Budget cuts are about to make California the only state without emergency poison control services for its residents and medical professionals.
The San Francisco-based California Poison Control System has managed more than 2 million cases since its creation in 1997. Operating out of four sites around the state, clinical pharmacists, registered nurses, physicians and poison information providers answer the toll-free phones around the clock, handling around 900 cases a day; a board-certified physician toxicologist is always available to consult with doctors seeking expert, current, specialized advice in managing poison cases.
“We’re able to quickly assess when people call us that many callers are calling about things that are minor or negligible,” executive director Stuart Heard said, thus saving California an estimated $70 million in unnecessary emergency response and ER costs last year – but no more.

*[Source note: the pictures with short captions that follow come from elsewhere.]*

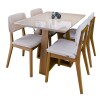 Mesa de Comedor Rectangular 1.2 Vidrio Blanco/Natural - Wood Mesa de Comedor Rectangular 1.2 Vidrio Blanco/Natural - Wood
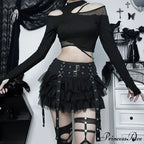 Harajuku Gothic Dark Women CyberY2k E-girl Streetwear Hip Hop Eyelet Ribbons Mesh Patchwork Cake Skirt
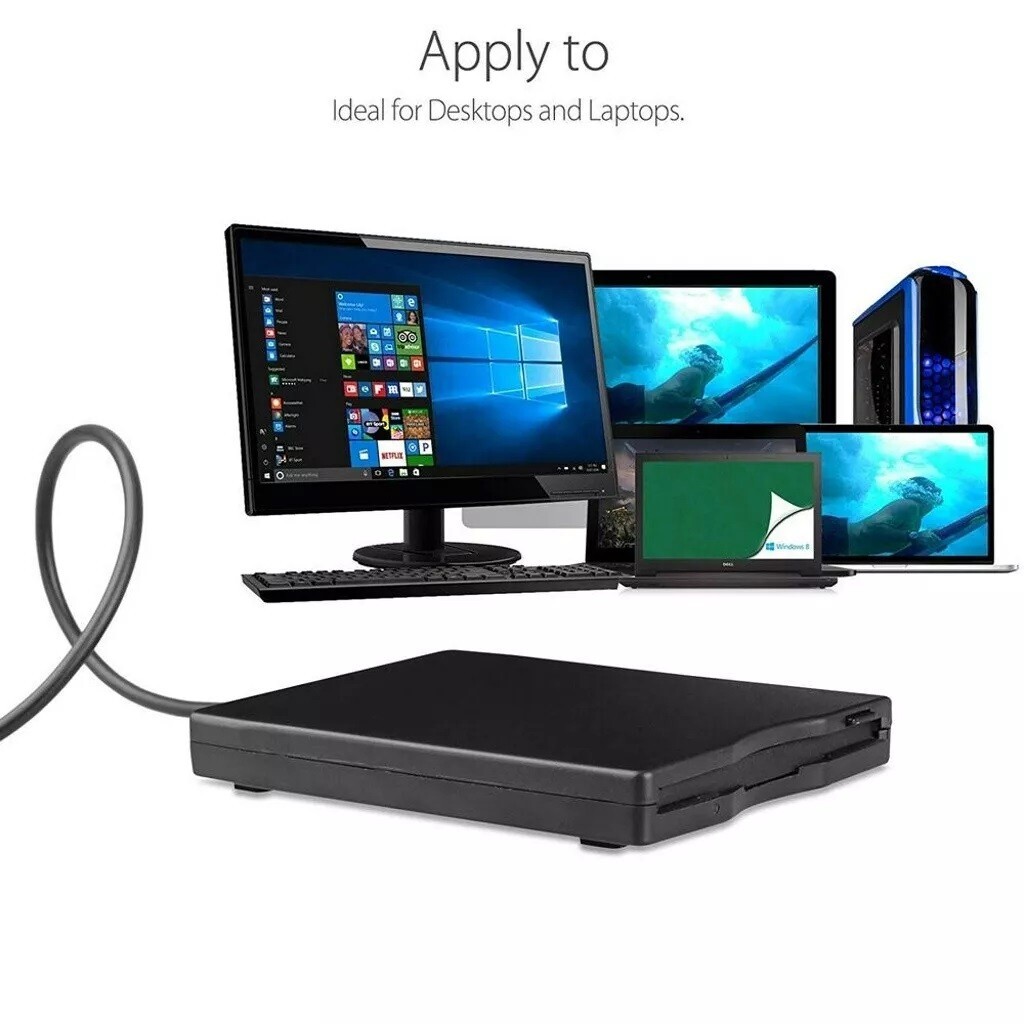 NEW USB 2.0 External Floppy Disk Drive 3.5″ 1.44MB Windows PC Mac OS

CPCS’s state budget line has been zeroed out for the coming budget year, meaning that hotline will go silent in September — and meaning all those cases will get shifted to 911 lines and hospital emergency rooms. Heard estimates there’ll be an additional 164,000 ER visits per year, and those overworked doctors and nurses no longer will be able to dial up the poison-control experts as they have in the past. “We’re just shifting this over to other systems that are less prepared than we are.”
Heard said the CPCS budget for the current fiscal year is between $11 million and $12 million, with California paying $5.9 million and the rest coming from the federal government or other service contracts.
“More than 50 percent of poisonings happen to children 5 years old and under and more than 90 percent happen at home,” he said. “Without the services that we provide, California’s children will be at risk. This is why we are urging residents to pick up the phone and call the Governor’s office and their legislators to ask that the funding for the California Poison Control System be returned to the budget.”